Requests for records and the processing of those records are governed by the rules at 7 CFR 1.6. Agency officials are authorized to receive and act on requests for records as follows:
(a) The Regional Forester, Regional Special Agent in charge, Research Station Director, Area Director, and Institute Director at the field locations and addresses listed in §200.2; the Director of Law Enforcement and Investigations, other Staff Directors, or other officials whom the Chief may authorize, located in the Washington Office, are authorized to receive requests for such records, to make determinations regarding whether records exist, and to grant or deny requests for records exempt from disclosure under the provisions of 5 U.S.C. 552(b).
(b) Each of the officials listed in paragraph (a) of this section also is authorized to take the following actions:
(1) Extend the 10-day administrative deadline for reply pursuant to 7 CFR 1.14;
(2) Make discretionary releases pursuant to 7 CFR 1.17(b) of records exempt from mandatory disclosure;
(3) Deny records pursuant to 5 U.S.C. 552(b); and
(4) Make determinations regarding the charges of fees pursuant to 7 CFR 1.8(a).

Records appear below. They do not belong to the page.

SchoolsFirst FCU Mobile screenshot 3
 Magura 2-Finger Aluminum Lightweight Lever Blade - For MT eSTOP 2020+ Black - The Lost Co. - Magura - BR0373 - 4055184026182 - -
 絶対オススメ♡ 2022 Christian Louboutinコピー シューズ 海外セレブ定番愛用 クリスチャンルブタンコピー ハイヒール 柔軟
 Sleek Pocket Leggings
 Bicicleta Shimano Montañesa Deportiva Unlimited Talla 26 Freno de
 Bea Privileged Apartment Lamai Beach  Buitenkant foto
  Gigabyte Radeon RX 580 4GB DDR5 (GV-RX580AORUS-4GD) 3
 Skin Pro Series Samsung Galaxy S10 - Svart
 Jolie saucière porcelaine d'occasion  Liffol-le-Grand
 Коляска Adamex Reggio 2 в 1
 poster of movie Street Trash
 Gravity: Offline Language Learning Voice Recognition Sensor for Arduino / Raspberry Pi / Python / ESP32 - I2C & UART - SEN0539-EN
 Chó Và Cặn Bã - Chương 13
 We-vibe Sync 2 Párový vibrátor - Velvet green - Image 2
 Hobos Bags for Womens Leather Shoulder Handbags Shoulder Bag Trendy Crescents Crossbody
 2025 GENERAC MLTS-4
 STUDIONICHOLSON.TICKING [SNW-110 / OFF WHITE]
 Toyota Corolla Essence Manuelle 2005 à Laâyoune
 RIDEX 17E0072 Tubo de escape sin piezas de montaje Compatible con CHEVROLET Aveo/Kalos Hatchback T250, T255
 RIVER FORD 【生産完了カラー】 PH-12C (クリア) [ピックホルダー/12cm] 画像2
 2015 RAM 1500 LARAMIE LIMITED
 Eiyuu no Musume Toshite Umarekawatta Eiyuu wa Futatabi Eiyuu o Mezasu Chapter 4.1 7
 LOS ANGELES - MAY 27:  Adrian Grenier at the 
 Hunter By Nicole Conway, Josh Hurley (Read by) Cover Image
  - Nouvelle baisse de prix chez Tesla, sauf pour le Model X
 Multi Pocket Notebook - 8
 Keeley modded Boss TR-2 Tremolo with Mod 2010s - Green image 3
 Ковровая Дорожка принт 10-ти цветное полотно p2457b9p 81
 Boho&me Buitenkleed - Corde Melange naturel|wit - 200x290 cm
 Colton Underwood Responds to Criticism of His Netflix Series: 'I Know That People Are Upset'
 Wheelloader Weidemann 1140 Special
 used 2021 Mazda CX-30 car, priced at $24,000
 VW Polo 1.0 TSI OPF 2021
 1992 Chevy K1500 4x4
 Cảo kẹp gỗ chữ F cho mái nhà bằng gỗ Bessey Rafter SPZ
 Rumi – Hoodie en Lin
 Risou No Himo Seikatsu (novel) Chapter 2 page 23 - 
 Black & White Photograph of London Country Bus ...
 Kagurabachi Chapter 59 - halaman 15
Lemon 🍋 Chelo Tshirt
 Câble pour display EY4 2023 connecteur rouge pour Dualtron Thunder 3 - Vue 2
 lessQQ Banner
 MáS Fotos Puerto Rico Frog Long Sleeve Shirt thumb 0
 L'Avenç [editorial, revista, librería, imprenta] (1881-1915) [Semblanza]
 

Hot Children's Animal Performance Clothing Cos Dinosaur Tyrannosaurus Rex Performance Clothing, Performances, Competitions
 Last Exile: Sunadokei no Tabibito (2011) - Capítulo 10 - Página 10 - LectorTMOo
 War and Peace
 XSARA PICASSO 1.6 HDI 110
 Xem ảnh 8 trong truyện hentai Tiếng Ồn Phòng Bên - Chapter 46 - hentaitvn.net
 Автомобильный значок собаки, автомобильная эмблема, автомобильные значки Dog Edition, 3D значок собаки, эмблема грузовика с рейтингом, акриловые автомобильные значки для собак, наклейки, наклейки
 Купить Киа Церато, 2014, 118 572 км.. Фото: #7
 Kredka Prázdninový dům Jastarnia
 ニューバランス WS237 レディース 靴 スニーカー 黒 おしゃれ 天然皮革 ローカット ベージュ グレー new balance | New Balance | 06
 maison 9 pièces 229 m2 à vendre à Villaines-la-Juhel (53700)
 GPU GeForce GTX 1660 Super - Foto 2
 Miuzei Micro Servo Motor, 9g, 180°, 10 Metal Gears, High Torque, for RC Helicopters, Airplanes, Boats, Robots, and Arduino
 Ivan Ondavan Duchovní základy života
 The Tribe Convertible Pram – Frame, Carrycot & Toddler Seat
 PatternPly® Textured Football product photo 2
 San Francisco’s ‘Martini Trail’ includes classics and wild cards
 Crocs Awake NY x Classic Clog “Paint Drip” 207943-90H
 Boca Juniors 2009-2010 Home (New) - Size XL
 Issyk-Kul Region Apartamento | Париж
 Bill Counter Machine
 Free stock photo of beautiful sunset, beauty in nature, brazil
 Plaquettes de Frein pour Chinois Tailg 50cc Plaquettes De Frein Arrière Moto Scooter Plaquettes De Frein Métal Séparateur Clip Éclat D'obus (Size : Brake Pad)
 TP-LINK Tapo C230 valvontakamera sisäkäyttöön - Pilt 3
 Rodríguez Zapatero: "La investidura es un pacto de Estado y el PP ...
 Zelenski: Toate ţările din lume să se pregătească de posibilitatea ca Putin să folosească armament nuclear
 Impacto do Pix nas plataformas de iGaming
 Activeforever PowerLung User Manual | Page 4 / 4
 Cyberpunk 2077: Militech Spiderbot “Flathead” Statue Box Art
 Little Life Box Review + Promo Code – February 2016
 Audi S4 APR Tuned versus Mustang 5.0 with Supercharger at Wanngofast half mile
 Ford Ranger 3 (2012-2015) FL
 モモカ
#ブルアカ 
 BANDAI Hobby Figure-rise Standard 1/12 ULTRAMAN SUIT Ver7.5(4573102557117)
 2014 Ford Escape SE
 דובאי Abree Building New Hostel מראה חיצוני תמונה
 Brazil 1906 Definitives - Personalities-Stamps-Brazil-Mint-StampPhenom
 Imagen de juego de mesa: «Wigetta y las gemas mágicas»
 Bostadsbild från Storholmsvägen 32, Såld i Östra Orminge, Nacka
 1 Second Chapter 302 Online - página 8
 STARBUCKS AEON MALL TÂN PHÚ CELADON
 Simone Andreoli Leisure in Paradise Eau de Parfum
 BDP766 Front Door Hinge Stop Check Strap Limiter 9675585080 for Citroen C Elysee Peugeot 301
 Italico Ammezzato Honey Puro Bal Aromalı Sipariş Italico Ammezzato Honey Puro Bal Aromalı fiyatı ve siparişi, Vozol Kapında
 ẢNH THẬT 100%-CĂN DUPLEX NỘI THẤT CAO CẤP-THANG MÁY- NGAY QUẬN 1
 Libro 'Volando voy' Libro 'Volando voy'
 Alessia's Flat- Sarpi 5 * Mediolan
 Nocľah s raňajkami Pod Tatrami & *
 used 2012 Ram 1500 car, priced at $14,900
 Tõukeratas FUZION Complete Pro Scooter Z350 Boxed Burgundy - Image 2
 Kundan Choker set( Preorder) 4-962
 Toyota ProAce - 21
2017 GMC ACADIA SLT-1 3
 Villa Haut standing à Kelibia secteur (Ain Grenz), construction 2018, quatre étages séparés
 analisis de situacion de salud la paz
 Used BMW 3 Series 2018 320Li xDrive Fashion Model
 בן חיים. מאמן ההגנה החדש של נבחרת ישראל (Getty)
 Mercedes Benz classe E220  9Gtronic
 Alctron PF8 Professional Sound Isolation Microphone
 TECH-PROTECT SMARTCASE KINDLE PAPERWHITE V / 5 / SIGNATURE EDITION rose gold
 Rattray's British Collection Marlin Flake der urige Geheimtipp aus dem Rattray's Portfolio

[62 FR 33368, June 19, 1997, as amended at 63 FR 53811, Oct. 7, 1998]
(a) Appeals from denials of requests submitted under §200.7 shall be submitted in accordance with U.S. Department of Agriculture rules at 7 CFR part 1, subpart A, and the appendix to subpart A to the Chief, Forest Service, U.S. Department of Agriculture, Auditors Building, 14th and Independence Avenue, S.W., P.O. Box 96090, Washington, DC 20090–6090.
(b) The Chief, or other official to whom such authority is delegated, shall determine whether to grant or deny the appeal and make all necessary determinations relating to an extension of the 20-day administrative deadline for reply, discretionary release of records exempt from mandatory disclosure under 5 U.S.C. 552(b), and charging the appropriate fees, pursuant to U.S. Department of Agriculture rules at 7 CFR part 1, subpart A, and the appendix to subpart A.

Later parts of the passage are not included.